Safemoon Liquidity Pool Compromised: Almost Lost $8.9 million Due To A Public Burn Bug
Almost $9 million worth of SFM tokens was depleted from the Safemoon token liquidity pool on Wednesday after hackers exploited a security flaw in its smart contracts.
According to the data from Blockchain, it shows that several tokens were exchanged early Wednesday in a single transaction stealing billions of SFM tokens locked in its liquidity pools. It seems that the hackers took advantage of a public burn function that led them to burn tokens from any other address. Moreover, the hackers have removed SFM tokens from the Safemoon-WBNB Liquidity Pool using this function and fraudulently inflating SFM’s price and selling it at an overpriced rate.

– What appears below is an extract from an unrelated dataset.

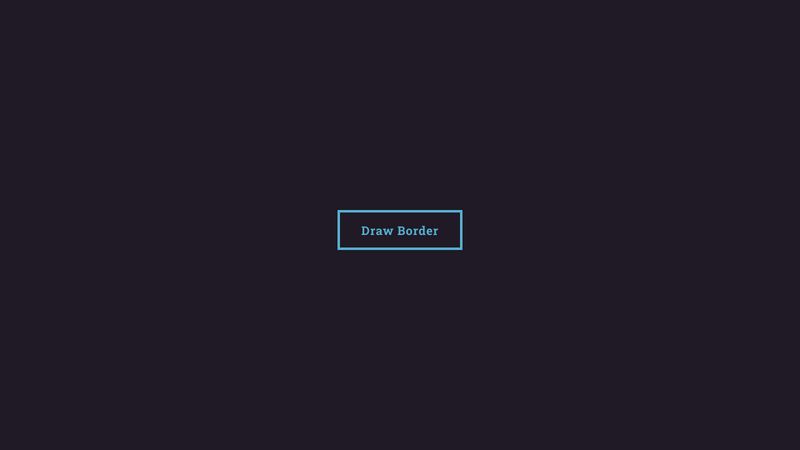 Pure CSS button border hover effect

Due to the attack, the SFM token fell over 40% within 24 hours of the attack but now recovering at this time of writing.
As per the hackers, they have accidentally front-run an attack against Safemoon and would like to return the fund and set up a secure communication channel.
A few hours after the attack, the hackers attached a note on one of the transactions stating that they want to return the stolen funds. In fact, according to Peckshield, the hackers have returned 4000 BNB (Binance coin) worth over $1.2 million. In addition, Safemoon announced that the other LP pool on the DEX is safe and was not affected by the attack.
Safemoon is a DeFi token that runs on four functions; fee reflection, LP acquisition, token burn, and growth fund. This project also aims to provide investors a chance to earn interest in their holdings through these functions. Safemoon was one of the biggest gainers in the 2021 bull market.